### Exercise objective
Copy the lines below, please, starting with the one that contains "Handmade Plastic Canvas" and ending with the last. Pictures stay out.

### Listed records
○ ○ ○ ○ ○ ○ ○

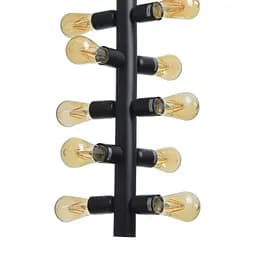Люстра Brille лофт підвісна E27 60W BK (BL-946S/14) - мініатюра 3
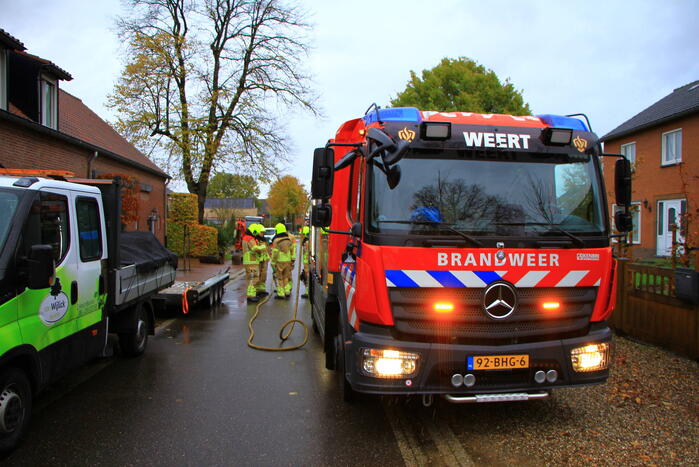 Flinke gaslekkage bij graafwerkzaamheden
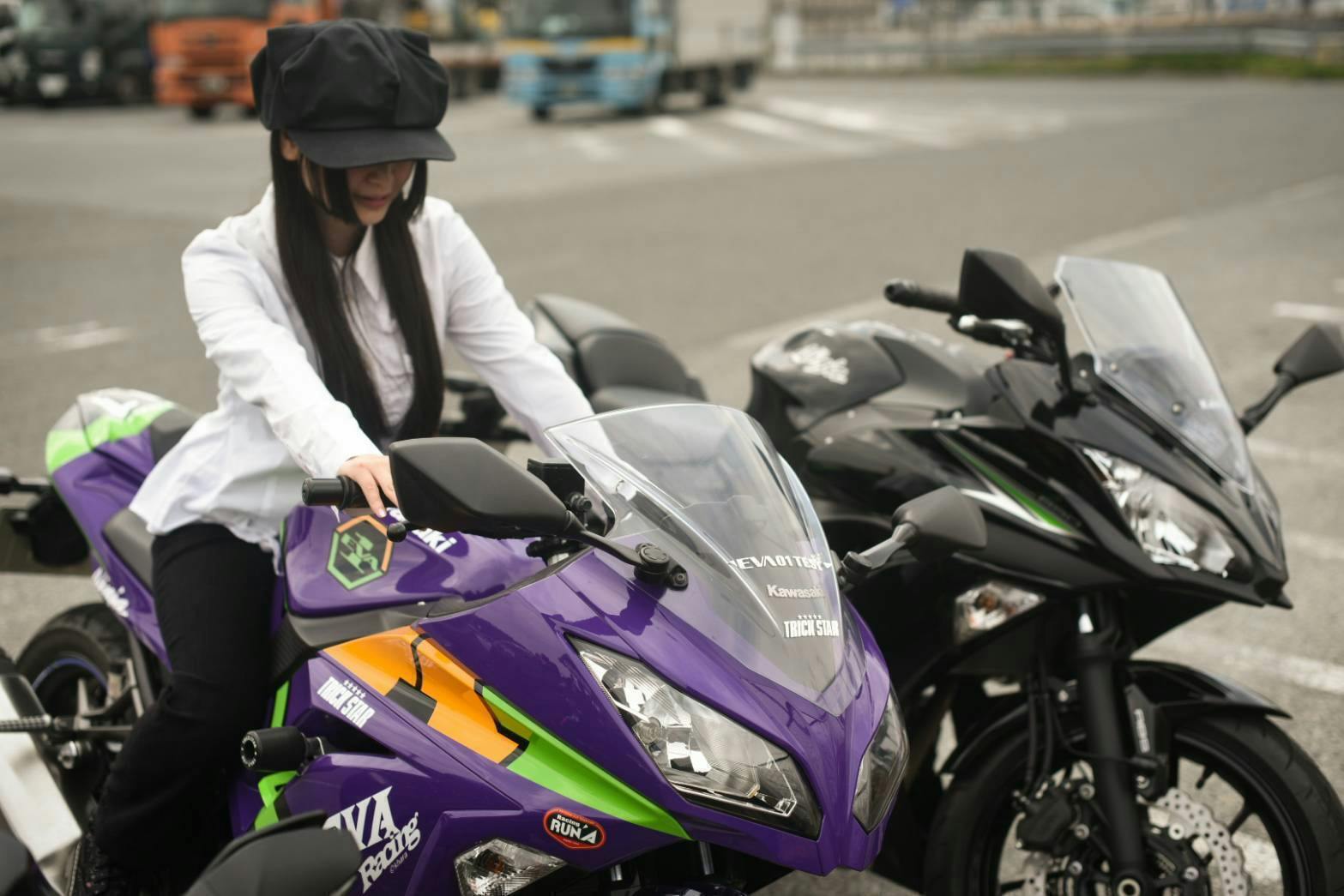 あおり運転撲滅 Eva初号機バイクで日本縦断リレー安全運転キャンペーン Campfire キャンプファイヤー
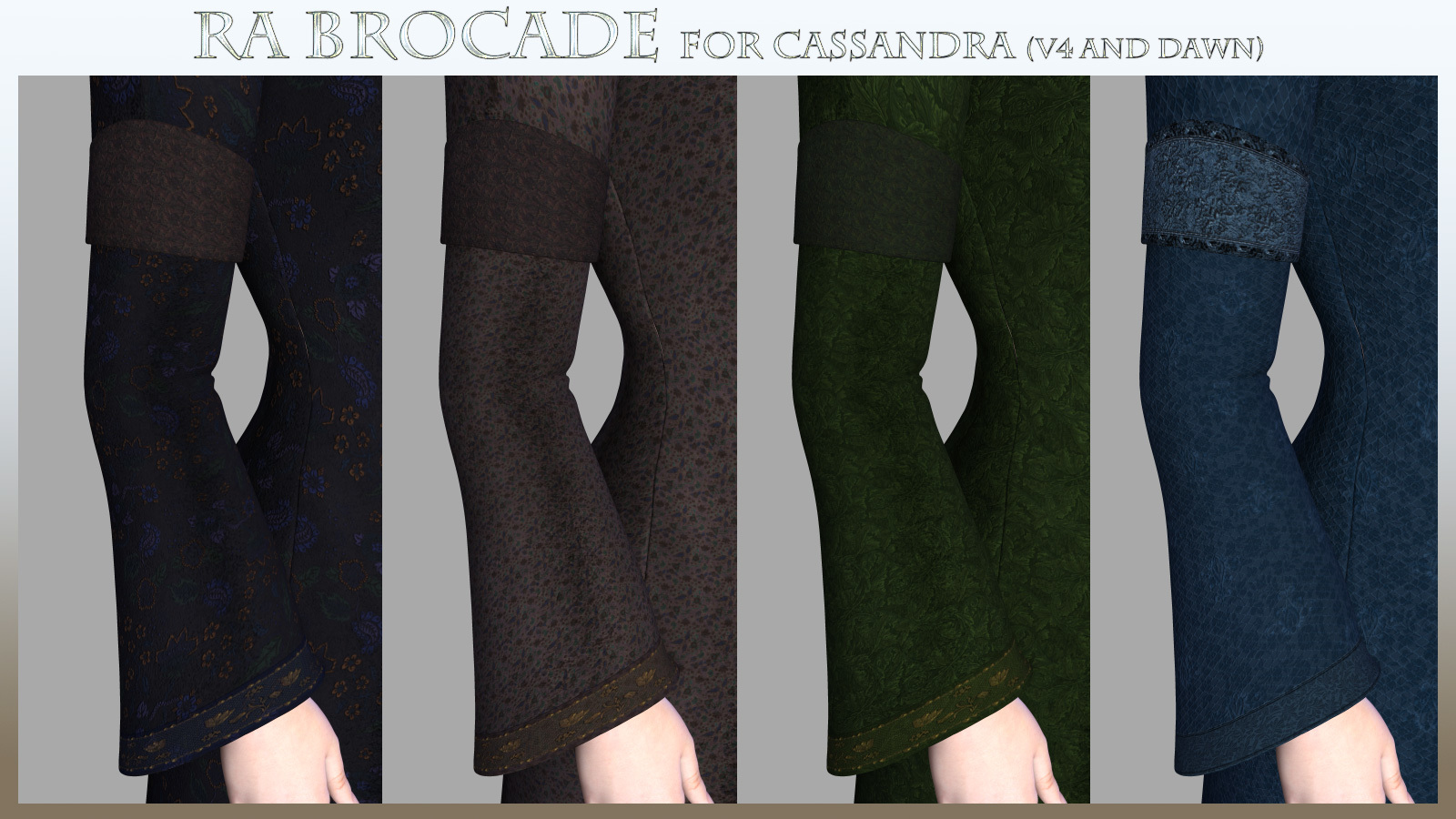 RA Brocade for Cassandra V4 and Dawn by N/A
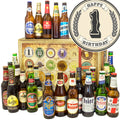 Geburtstag 1 | 24 Spezialitäten Bier International | Biergeschenk - monatsgeschenke.de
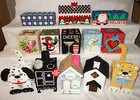 Handmade Plastic Canvas Tissue Boxes  Group 2      toppers   Covers 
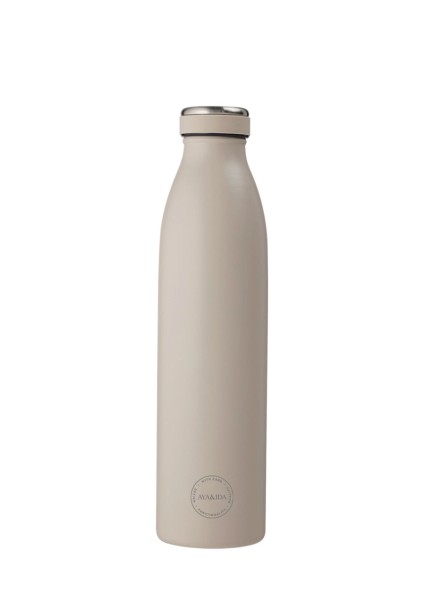 Trinkflasche 750ml Cream Beige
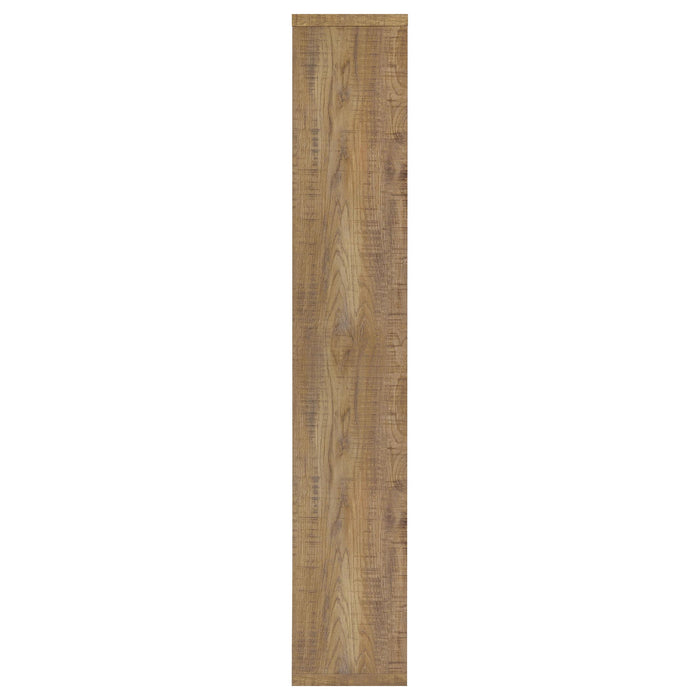 Theo 71-inch 6-shelf Bookshelf Mango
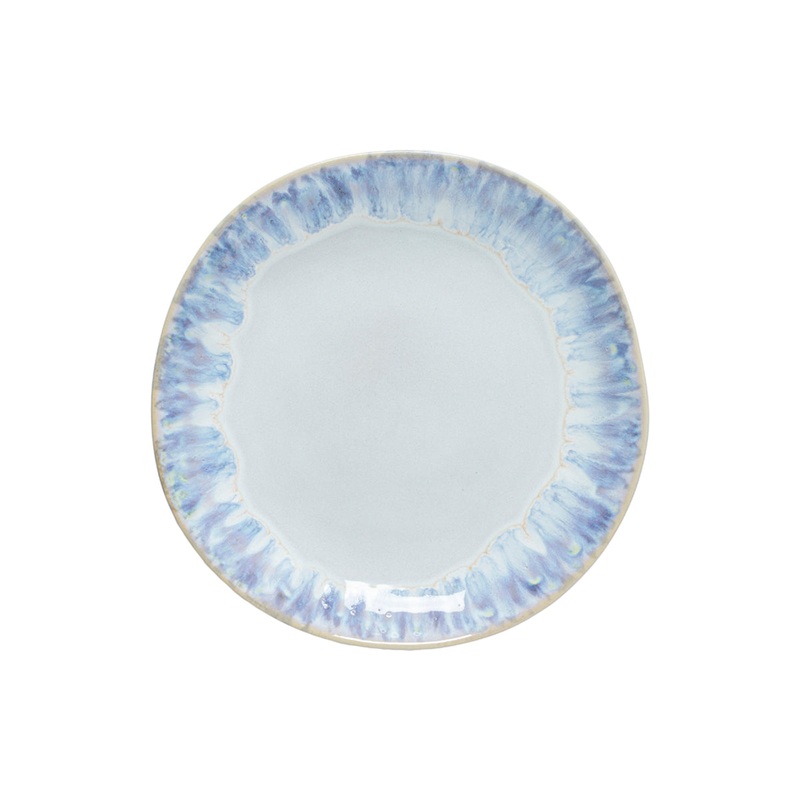 Costa Nova Brisa Ria Blue Salad Plate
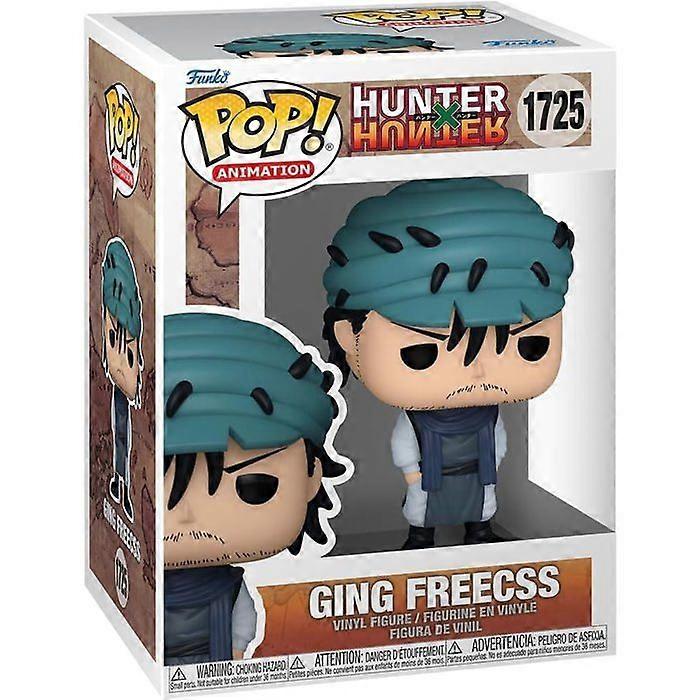 Figurka - Funko Pop! - Ging Freecss - Wysokiej jakości winyl - 9,5 cm - Idealny prezent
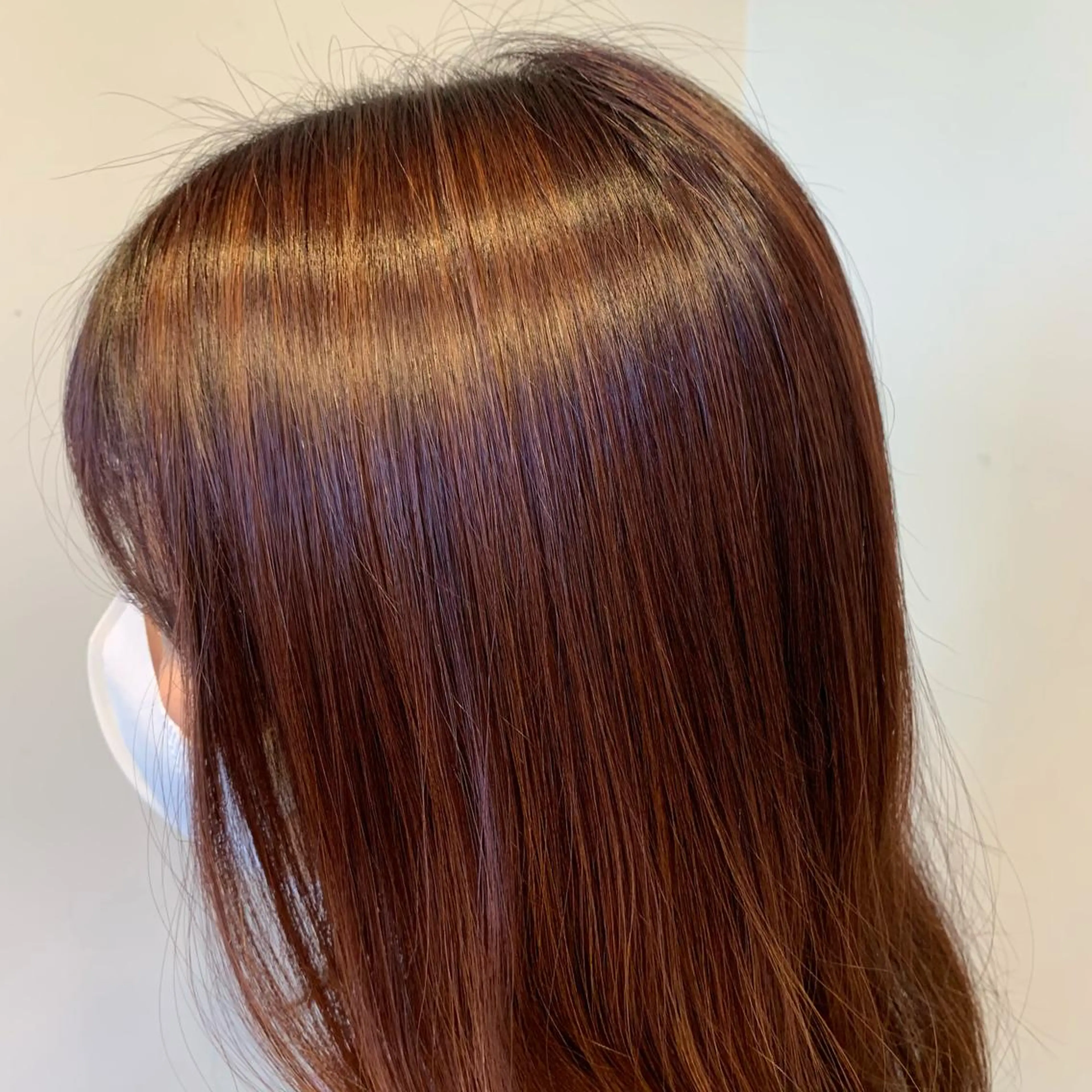 ロング カラー ブリーチ ハイライトカラー ブリーチなしカラー ハイライト 【azure横浜】 🧸misaki🌸のヘアスタイル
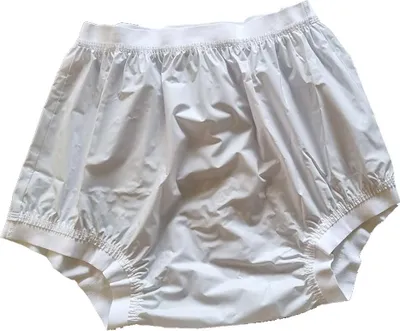 Image de Slip incontinence niveau 5/5, Suprima, Unisexe, PVC, Blanc, Taille 36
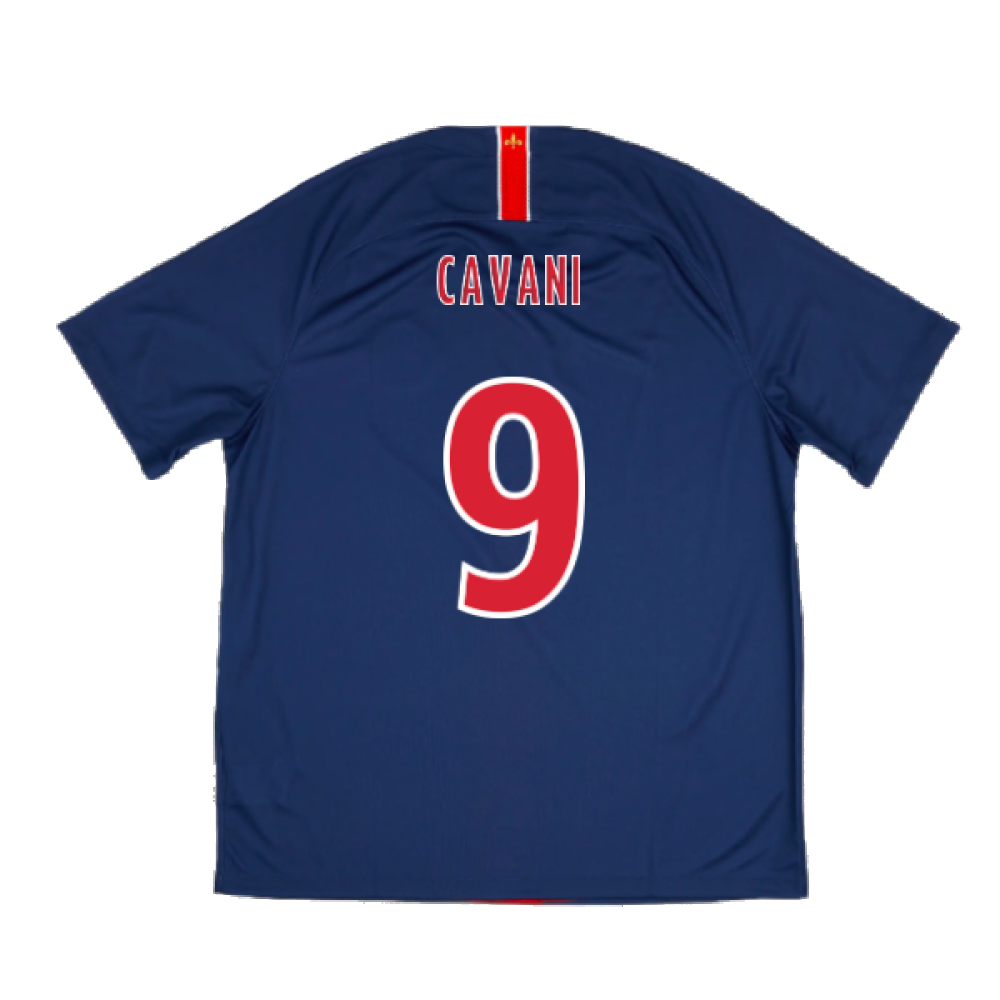 2018-2019 PSG Home Shirt (no sponsor) (Cavani 9)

○ ○ ○ ○ ○ ○ ○

### Task answer
 Handmade Plastic Canvas Tissue Boxes  Group 2      toppers   Covers 
 Trinkflasche 750ml Cream Beige
 Theo 71-inch 6-shelf Bookshelf Mango
 Costa Nova Brisa Ria Blue Salad Plate
 Figurka - Funko Pop! - Ging Freecss - Wysokiej jakości winyl - 9,5 cm - Idealny prezent
 ロング カラー ブリーチ ハイライトカラー ブリーチなしカラー ハイライト 【azure横浜】 🧸misaki🌸のヘアスタイル
 Image de Slip incontinence niveau 5/5, Suprima, Unisexe, PVC, Blanc, Taille 36
 2018-2019 PSG Home Shirt (no sponsor) (Cavani 9)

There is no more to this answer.